Ankara - Arab News
Iraqi Prime Minister Haider Al-Abadi arrived Wednesday in Ankara and met Turkish President Recep Tayyip Erdogan as ties between Ankara and Baghdad become warmer in opposition to the Kurdish independence referendum.
Erdogan said Turkey was ready to give all support to Baghdad as it seeks to reopen a crude oil pipeline from the Kirkuk oilfields to Turkey, through which Iraq stopped sending oil in 2014.
In a statement to media after meeting Iraqi Prime Minister Haider al-Abadi, Erdogan said they discussed what political, military and economic steps they could take after what he called the "illegitimate" Iraqi Kurdish referendum last month.
Abadi’s visit comes after relations between the neighboring countries were strained last year over Turkey’s presence at a military base in northern Iraq.

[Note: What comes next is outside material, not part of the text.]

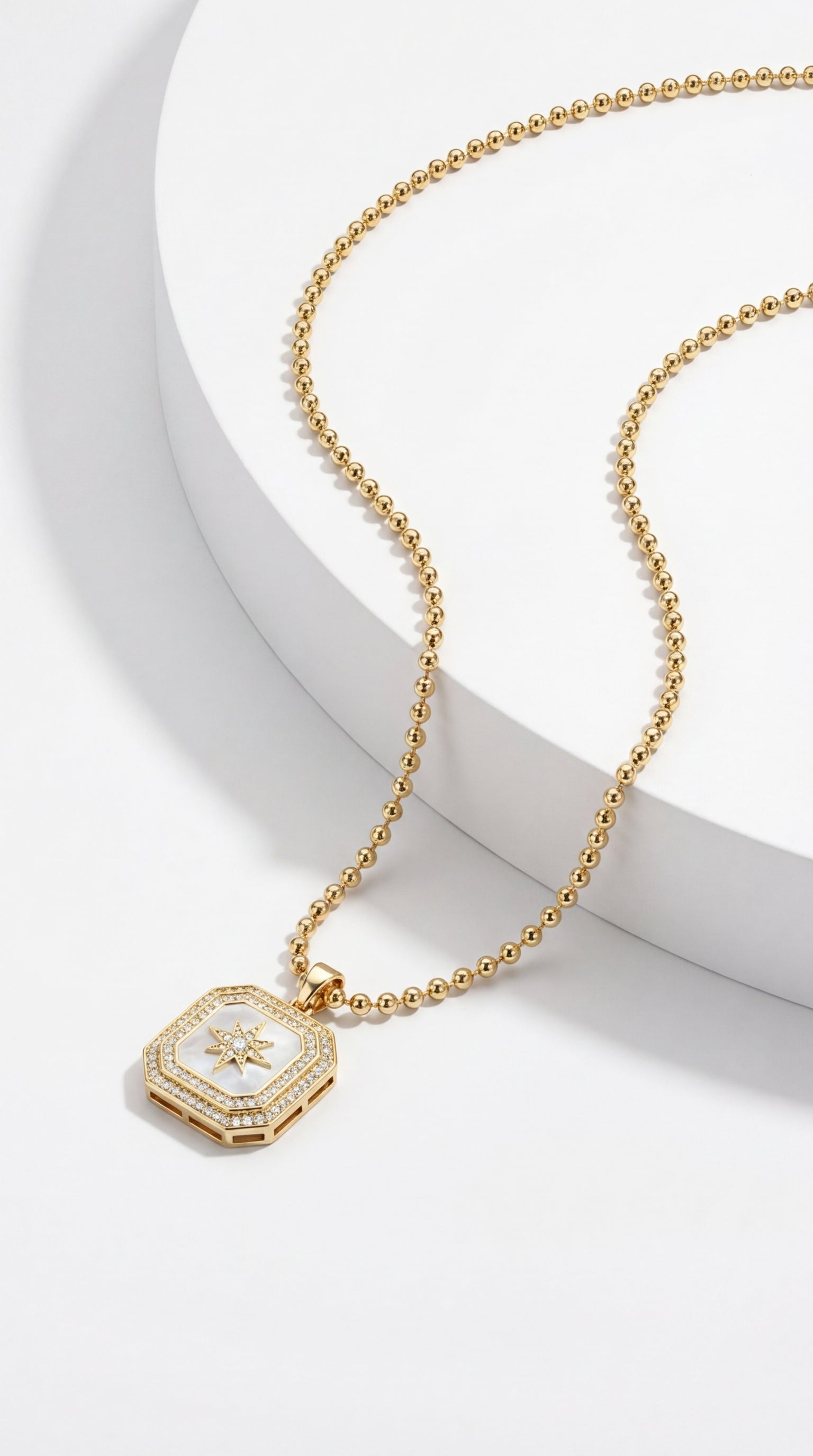 Solaris Medallion Kolye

Ankara maintained an estimated 2,000 troops in Iraq, around 500 of them were in the northern Bashiqa camp training local fighters last year ahead of the successful bid to free Mosul from the grip of the Daesh extremist group.

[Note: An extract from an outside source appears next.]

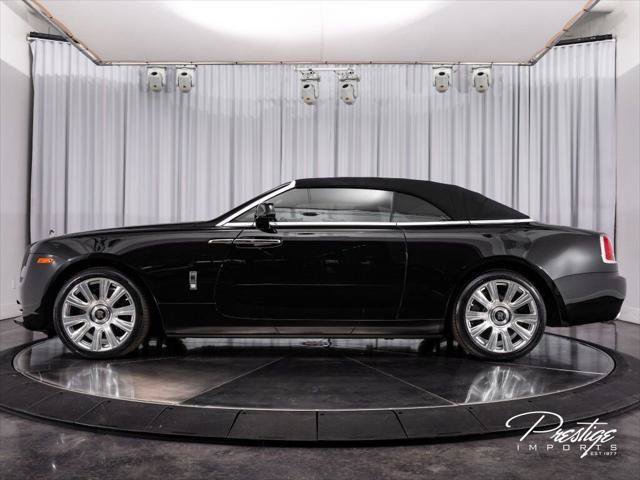 Used 2018 Rolls-Royce Dawn RWD image 11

But since the non-binding independence vote and the countries’ mutual vehement opposition to it, Turkey has given its support to Baghdad by threatening to close its border with the Kurdistan Regional Government and apply economic sanctions.
Ankara had particularly criticized the inclusion of Kirkuk in the independence vote, stressing the province’s multi-ethnic character, where Kurds, Arabs and Turkmens live.
Abadi’s visit comes as Iraqi Kurdistan proposed Wednesday to “freeze” the results of its independence referendum and the “start of an open dialogue between the government of Kurdistan and the central government on the basis of the constitution.”